The ideal that Paul sets forth in Romans 13 is that the proper role of government is to commend and approve good behavior (for public safety and peace) and to punish wrongdoers. Governments and their leaders do not always get this right. Sometimes unjust rulers arise and impose unjust laws and tactics of oppression. The question arises, “Are we to obey laws that violate our consciences and contradict God’s word?”

The answer is an emphatic, “No!” Whenever laws are enacted which contradict God’s law, then civil disobedience becomes our duty. This is borne out in several examples from scripture. Think of the early apostles who refused the order to stop preaching in the name of Jesus: “We ought to obey God rather than men” (Acts 5:29).

But the basic principle stands: There are duties of citizenship which Christians are to observe as matters of conscience. Some of these duties are enumerated in Romans 13: 5-7. These include obeying the law, paying taxes, and respecting the authorities. To these are added the duty to pray for our governmental leaders (1 Timothy 2:1-2).

Several years ago my wife and I were worshipping with a congregation in her hometown in Southwestern Virginia. It was a Sunday morning which happened to be the fourth of July. On Independence Day, the people of that church honored America by spending an extended time in prayer for our nation and its leaders, asking God to heal our land.

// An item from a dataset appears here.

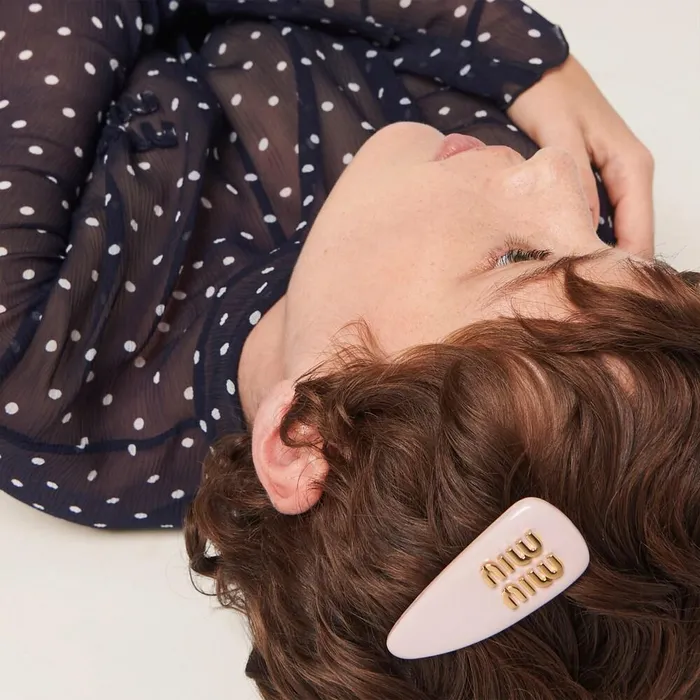 Women Headbands And Hair Accessories Miu Miu Patent Leather Hair Clip Alabaster Pink Women Headbands And Hair Accessories Miu Miu Patent Leather Hair Clip Alabaster Pink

There was an American flag displayed in its usual place in that small church sanctuary. But the people were not worshipping the flag. Their primary allegiance was not to Americanism. They were worshipping the sovereign God, the ruler of all nations, and Jesus Christ, the King of kings.

I was deeply impressed by the sincerity and honest faith of those prayers. I was reminded that it is just such humble dependency on God that is our nation’s greatest strength. I thought to myself, “This is truly the hope of America.”